Robert ist so viel mehr als sein letzter Lebensabschnitt. Warum also mit Macht diese dunkle Zeit im Detail bewahren? Ist das notwendig? Nein, du wirst sie niemals vergessen, die Verzweiflung um das, was geschehen ist, wird dich immer wieder einholen. Was sollte so gut daran sein, die einzelnen Schreckensdaten noch im Gedächtnis zu haben? Es ist die Zeit, sie wird dich immer wieder zurückbeamen, wann genau was war, nein, das ist nicht wichtig.

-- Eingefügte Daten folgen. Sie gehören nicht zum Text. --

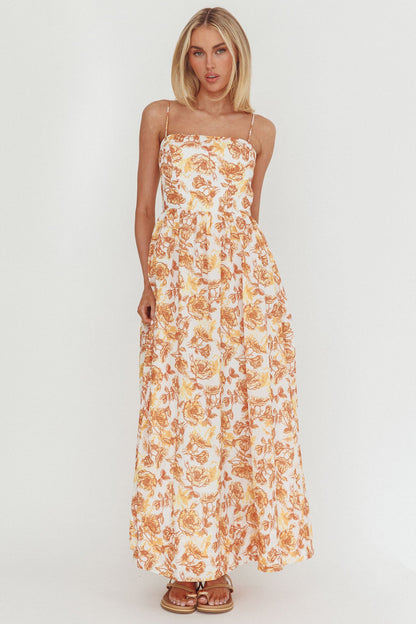 Wild Card Cami Strap Maxi Dress Floreale Giallo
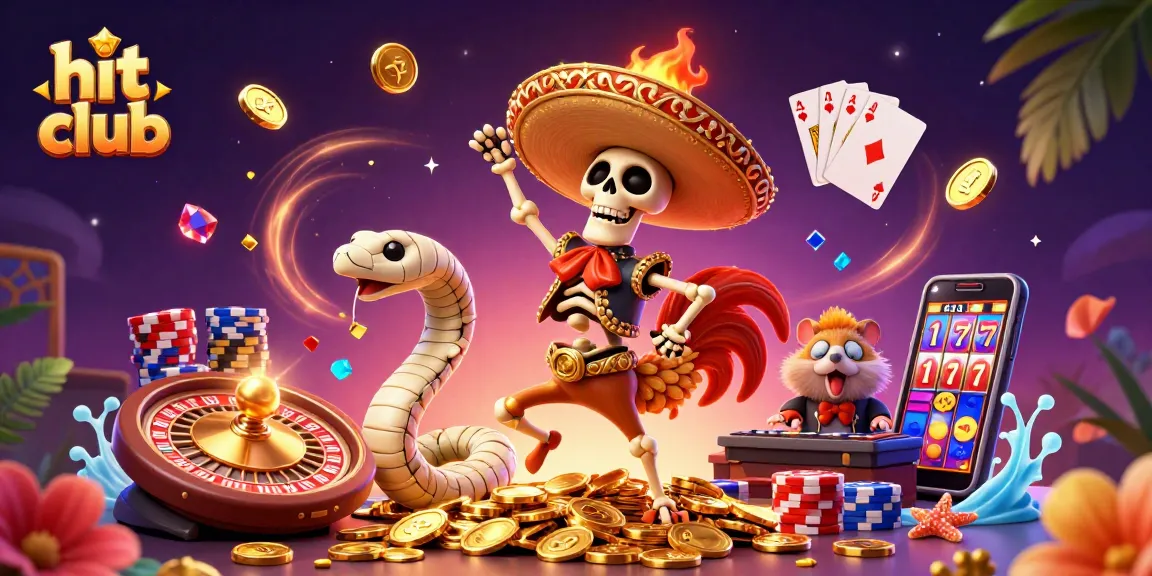 Unleash excitement at hit club with golden coins, casino games, and vibrant characters.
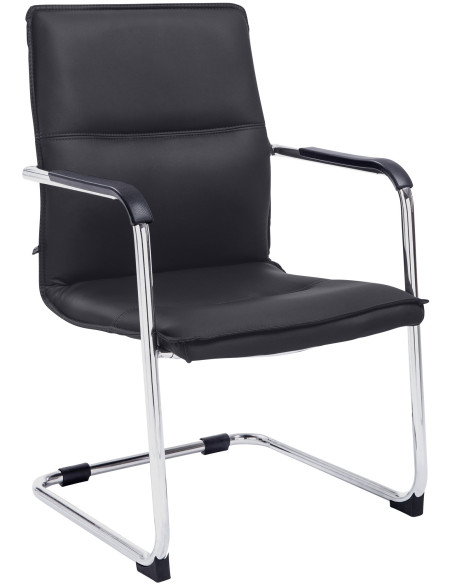 Fauteuil de table moderne avec accoudoirs en Polyuréthane Noir Métal Argenté Seamus - 1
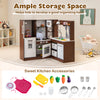 Wooden corner play kitchen in brown with water circulation system, lights, and sweet kitchen accessories for kids'.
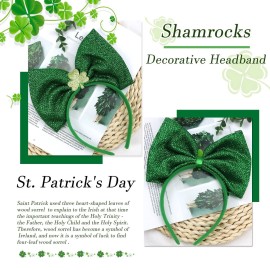 BELSITA St.Patricks Day Headbands Shamrock Hair Hoop Green Glitters Bows Shamrock Head Boppers for St.Patricks Day Party Hair Accessories Lucky Hairbands Irish Costume Party Gifts
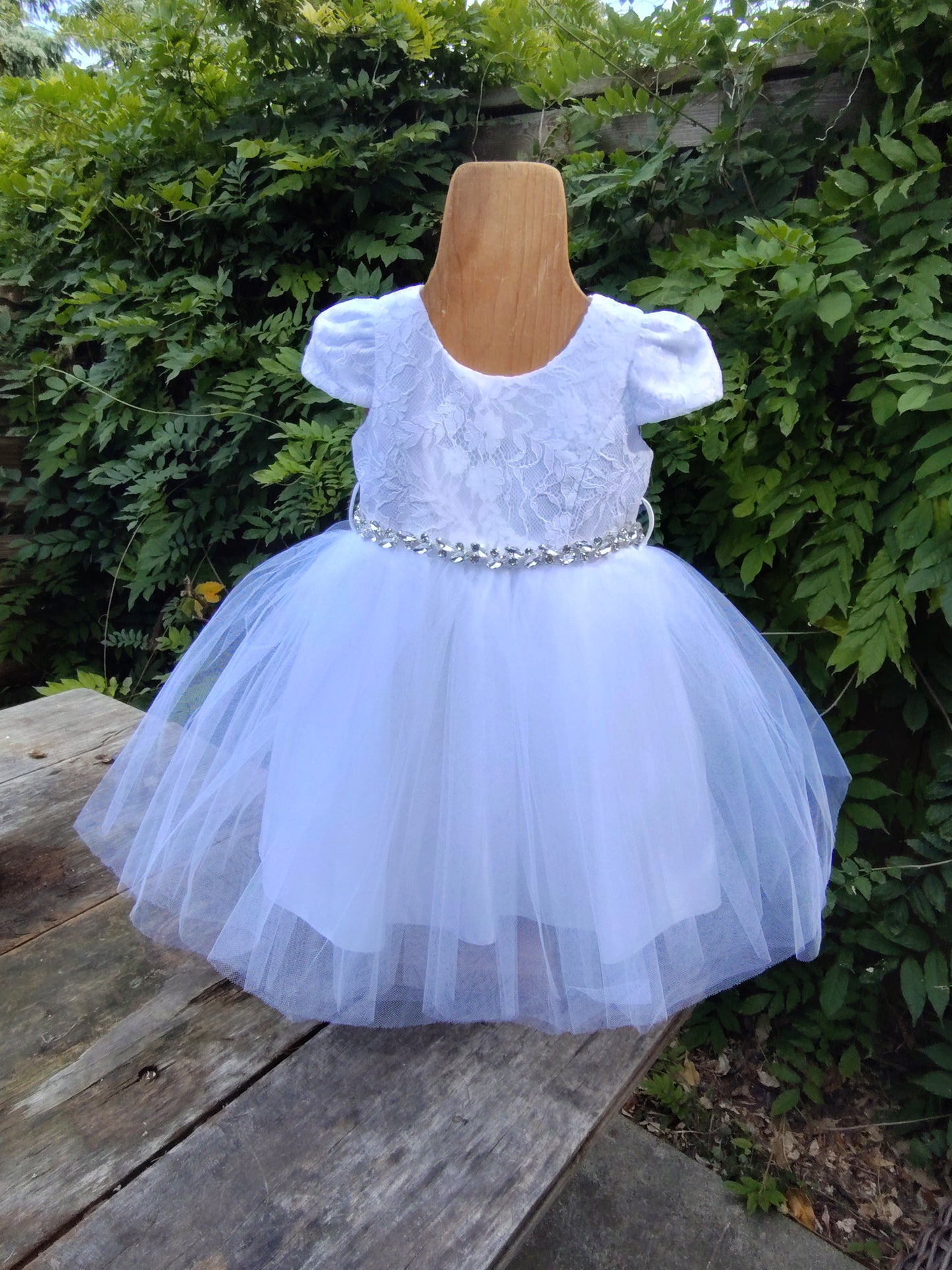 Fancy Lace Top Baby Dress With Cap Sleeve And Rhinestone Belt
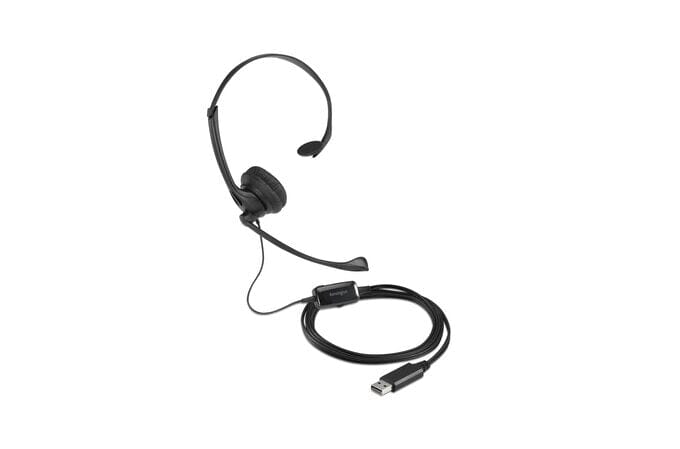 KENSINGTON Classic USB-A Mono Headset with Mic and Volume Control - e-furniture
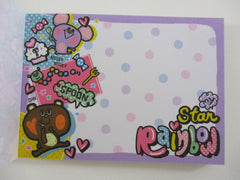 Cute Kawaii Crux Animals Rainbow Mini Notepad / Memo Pad - Stationery Design Writing Collection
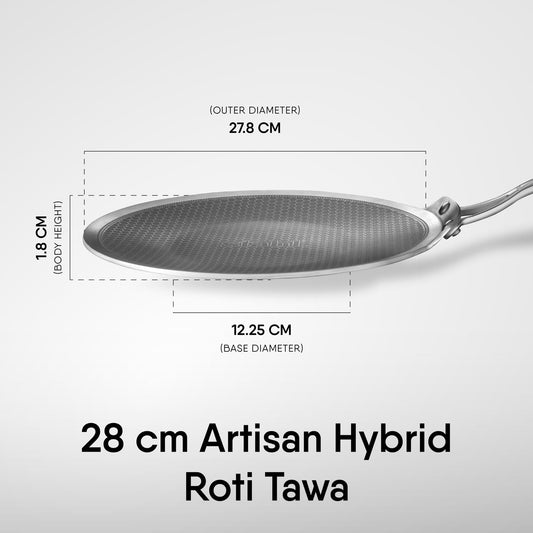 Stahl Artisan Hybrid Roti Tawa 4 mm Thick | 28 cm Triply Stainless Steel Tawa with Honeycomb Structured Stick Resistant Layer | Scratch Resistant Roti Tawa Compatible with Induction & Gas Stove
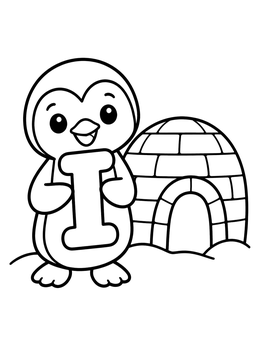 Free printable Cute Penguin With Letter I And Igloo coloring page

Aber da waren 15 Jahre davor, Erinnerungen an einen besonderen Jungen, der dich glücklich gemacht hat, der eure Familie komplett gemacht hat. Sein Lachen, seine Augen, die unstreitig „deine“ sind, sein Charakter, positiv zu denken, keinen Streit vom Zaun brechen, wenn das Problem sowieso von alleine gelöst wird (z.B. ein nerviges Kind in seinem Zimmer) das ist der Robert, den du bei uns hast lebendig bleiben lassen.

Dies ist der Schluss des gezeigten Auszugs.